Hydrogen, along with pumped hydro, created an opportunity to store cheap energy in bulk while batteries fix short-term gaps. By smoothing out the peaks and troughs in demand and price, more use would be made of the solar and wind infrastructure that has to be in place to satisfy the peaks. That meant the cost of the infrastructure was spread over more units and units became cheaper.

Following its own party’s and the Liberal state government (2018-22) moves toward hydrogen, the Labor state government in 2022 was elected on a commitment to a $590 million hydrogen plant and a 200MW (megawatt) hydrogen-fuelled power station at Port Bonython near Whyalla on Eyre Peninsula.

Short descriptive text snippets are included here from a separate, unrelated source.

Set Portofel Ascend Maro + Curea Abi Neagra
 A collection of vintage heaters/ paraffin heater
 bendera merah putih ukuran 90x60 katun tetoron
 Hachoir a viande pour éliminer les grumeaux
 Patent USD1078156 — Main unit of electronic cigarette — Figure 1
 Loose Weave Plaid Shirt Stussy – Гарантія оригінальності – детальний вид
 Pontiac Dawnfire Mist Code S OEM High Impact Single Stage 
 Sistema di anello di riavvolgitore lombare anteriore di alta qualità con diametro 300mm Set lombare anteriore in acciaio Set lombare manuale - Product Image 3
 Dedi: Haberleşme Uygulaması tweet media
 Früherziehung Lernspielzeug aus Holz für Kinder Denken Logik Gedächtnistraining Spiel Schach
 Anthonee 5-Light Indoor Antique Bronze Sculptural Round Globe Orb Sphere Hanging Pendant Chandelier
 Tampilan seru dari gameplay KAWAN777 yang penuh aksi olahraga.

The hydrogen-fuelled power station was to provide firming capacity in the South Australian electricity market. The plant’s electrolysers would use excess renewable energy to produce hydrogen, reducing the needs to remotely switch off rooftop solar for households and businesses, and would help unlock a $20 billion pipeline of renewable energy projects in the state.

The Labor government saw its hydrogen jobs plan as delivering cheaper power to industry and businesses, pointing to an independent analysis by Frontier Economics that its South Australia’s hydrogen plant will reduce the wholesale cost of electricity to industry by 8%.Energy minister Tom Koutsantonis said the cheap production of hydrogen would be a game changer: “Its uses are diverse, including manufacturing, firming energy to lower electricity prices, manufacturing green steel, being injected directly into furnaces to offset coal use and use in heavy vehicle and passenger vehicles to lower emissions and lower costs.”

The hydrogen plan also aimed to take advantage of emerging international markets as Japan, South Korea, China and other countries moved to decarbonise their industry with the Australian Renewable Energy Agency (ARENA) forecasting the hydrogen export industry will be worth $1.7b billion to the Australian economy by 2030.